## Exercise description:
Transcribe exactly the lines that fall between the one holding "2-Pack Under Sink" and the one holding "Grünberger Wochenblatt: Zeitung", inclusive, from the entries below.

## Extracted records:
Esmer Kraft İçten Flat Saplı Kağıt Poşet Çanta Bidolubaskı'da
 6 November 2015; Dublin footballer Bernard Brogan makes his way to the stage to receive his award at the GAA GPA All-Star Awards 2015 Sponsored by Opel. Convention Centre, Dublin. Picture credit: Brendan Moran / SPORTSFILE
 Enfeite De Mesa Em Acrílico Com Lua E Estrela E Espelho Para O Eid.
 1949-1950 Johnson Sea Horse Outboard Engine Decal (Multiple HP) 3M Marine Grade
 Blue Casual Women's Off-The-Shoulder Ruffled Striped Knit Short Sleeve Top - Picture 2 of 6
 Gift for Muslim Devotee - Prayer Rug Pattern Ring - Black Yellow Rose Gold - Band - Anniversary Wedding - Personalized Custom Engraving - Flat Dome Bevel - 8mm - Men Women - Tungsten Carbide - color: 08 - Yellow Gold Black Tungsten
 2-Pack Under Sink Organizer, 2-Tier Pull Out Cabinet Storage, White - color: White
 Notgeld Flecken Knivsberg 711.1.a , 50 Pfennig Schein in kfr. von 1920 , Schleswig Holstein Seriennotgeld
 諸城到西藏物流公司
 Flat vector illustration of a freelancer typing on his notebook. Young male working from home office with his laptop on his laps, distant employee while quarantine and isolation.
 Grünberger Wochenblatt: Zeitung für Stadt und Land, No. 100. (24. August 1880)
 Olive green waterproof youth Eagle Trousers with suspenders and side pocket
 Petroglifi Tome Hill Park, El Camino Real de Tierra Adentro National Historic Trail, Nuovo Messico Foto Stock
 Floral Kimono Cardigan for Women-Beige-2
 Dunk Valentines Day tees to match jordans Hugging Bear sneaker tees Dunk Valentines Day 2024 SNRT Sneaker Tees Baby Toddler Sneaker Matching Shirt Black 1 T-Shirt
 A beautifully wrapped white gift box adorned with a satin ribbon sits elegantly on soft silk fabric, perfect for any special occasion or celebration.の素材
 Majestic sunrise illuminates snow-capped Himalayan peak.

## Result for this task:
 2-Pack Under Sink Organizer, 2-Tier Pull Out Cabinet Storage, White - color: White
 Notgeld Flecken Knivsberg 711.1.a , 50 Pfennig Schein in kfr. von 1920 , Schleswig Holstein Seriennotgeld
 諸城到西藏物流公司
 Flat vector illustration of a freelancer typing on his notebook. Young male working from home office with his laptop on his laps, distant employee while quarantine and isolation.
 Grünberger Wochenblatt: Zeitung für Stadt und Land, No. 100. (24. August 1880)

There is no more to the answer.